Solamente teniendo en cuenta el estilo de vida uniforme, masificado y consumista impuesto por la actual mundialización capitalista, el urbanismo depredador, el dominio absoluto de la tecnología y el desarrollo extraordinario de los Estados, particularmente de sus mecanismos de control social, las posibilidades de que un movimiento social se extienda fuera del Estado que lo contiene son realmente mínimas. Incluso los de mayor repercusión son efímeros y dejan poco rastro en la conciencia. En las fases tardías del capitalismo la condición proletaria se ha generalizado a tal extremo que ya no constituye un signo diferencial sobre el que constituir una identidad de clase. La penetración del capital en la vida cotidiana lo impide. Entre tantos intereses particulares presentes y tanta sociabilidad disuelta, ningún interés general de clase llega a formularse. La atomización bajo el capitalismo, extremadamente favorecida por los planes de ordenación urbana, prohíbe la solidaridad, el apoyo mutuo o las relaciones fraternales que caracterizaban y gobernaban las comunidades proletarias de antaño.
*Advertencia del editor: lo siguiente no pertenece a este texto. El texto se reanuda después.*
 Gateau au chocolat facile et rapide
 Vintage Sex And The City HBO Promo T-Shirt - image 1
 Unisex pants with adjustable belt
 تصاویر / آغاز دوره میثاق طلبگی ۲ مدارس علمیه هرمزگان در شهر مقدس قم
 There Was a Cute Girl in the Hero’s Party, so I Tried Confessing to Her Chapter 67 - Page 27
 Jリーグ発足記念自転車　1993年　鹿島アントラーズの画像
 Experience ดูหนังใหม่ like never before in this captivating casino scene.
De hecho, es eminentemente antiasociativa. No obstante, los conflictos ocurren allá donde los embates de la economía — o las consecuencias indeseables de tales embates— encuentran resistencias en torno a las cuales puede perfilarse un matizado anticapitalismo. Nacen nuevos colectivos y movimientos sociales contra el patriarcado, el modo industrial de vida, la agricultura y alimentación industriales, el cambio climático, la polución del aire, tierras y aguas, el capitalismo verde, los desahucios, el precio de los alquileres, los bajos salarios, la explotación de los indocumentados, la multiplicación de autopistas, la urbanización desbocada, el turismo de masas, etc. Y las mismas luchas dan lugar a formas de sociabilidad ajenas a los valores mercantiles dominantes, si bien estamos lejos de «una nueva comunidad humana en el interior de la antigua, pero en conflicto con ella», con la que soñaban los internacionales.
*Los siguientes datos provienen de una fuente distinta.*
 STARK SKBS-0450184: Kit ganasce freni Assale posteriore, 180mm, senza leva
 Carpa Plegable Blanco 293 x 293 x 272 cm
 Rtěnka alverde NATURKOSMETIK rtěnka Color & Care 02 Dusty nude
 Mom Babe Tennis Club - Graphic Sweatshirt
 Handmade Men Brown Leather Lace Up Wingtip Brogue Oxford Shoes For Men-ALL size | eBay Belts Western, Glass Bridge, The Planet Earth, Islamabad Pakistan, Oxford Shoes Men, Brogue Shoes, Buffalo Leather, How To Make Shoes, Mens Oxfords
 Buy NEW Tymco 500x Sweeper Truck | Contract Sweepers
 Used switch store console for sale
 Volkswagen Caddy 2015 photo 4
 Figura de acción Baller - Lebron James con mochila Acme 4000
La cuestión social, al desbordar el mundo del trabajo, se replantea de modo fragmentario, sin que ninguna crítica global consiga unificarla. Cualquier intento de proyectarla desde un congreso internacional se ha saldado siempre con un estrepitoso fracaso. La patética pobreza del resultado disuade a muchos de repetir la hazaña, pero siempre hay quienes se complacen con ese tipo de eventos. El fraccionamiento de la cuestión social se corresponde con una dispersión de teorías de componentes irracionales crecientes. Gracias a la filosofía posmoderna, y especialmente a la desvalorización de la memoria que ha comportado, el capitalismo ha ganado también la batalla en el terreno de las ideas. La autoformación militante ya se considera innecesaria; las ideas se reducen a propaganda. En el reino del olvido y la desmemoria las referencias al pasado son inútiles. Las del futuro, también. Las metas no importan, solo el presente cuenta. En esa tesitura, mencionar un porvenir sin Estado, basado en asociaciones voluntarias de comunidades libres y autónomas sonará extraterrestre. En unas condiciones materiales y personales en pugna con las ideológicas, es aconsejable el repliegue a lo local. Sin embargo, la voluntad de clarificación es solo un aspecto secundario de una retirada estratégica. La lucha anticapitalista es ante todo una lucha contra la globalización, una lucha por la desmundialización, lo que implica un regreso a la base. Lo local adquiere una importancia mayor que en otras épocas. El establecimiento de relaciones a nivel global partirá esta vez de la expansión y posterior confluencia de las experiencias locales.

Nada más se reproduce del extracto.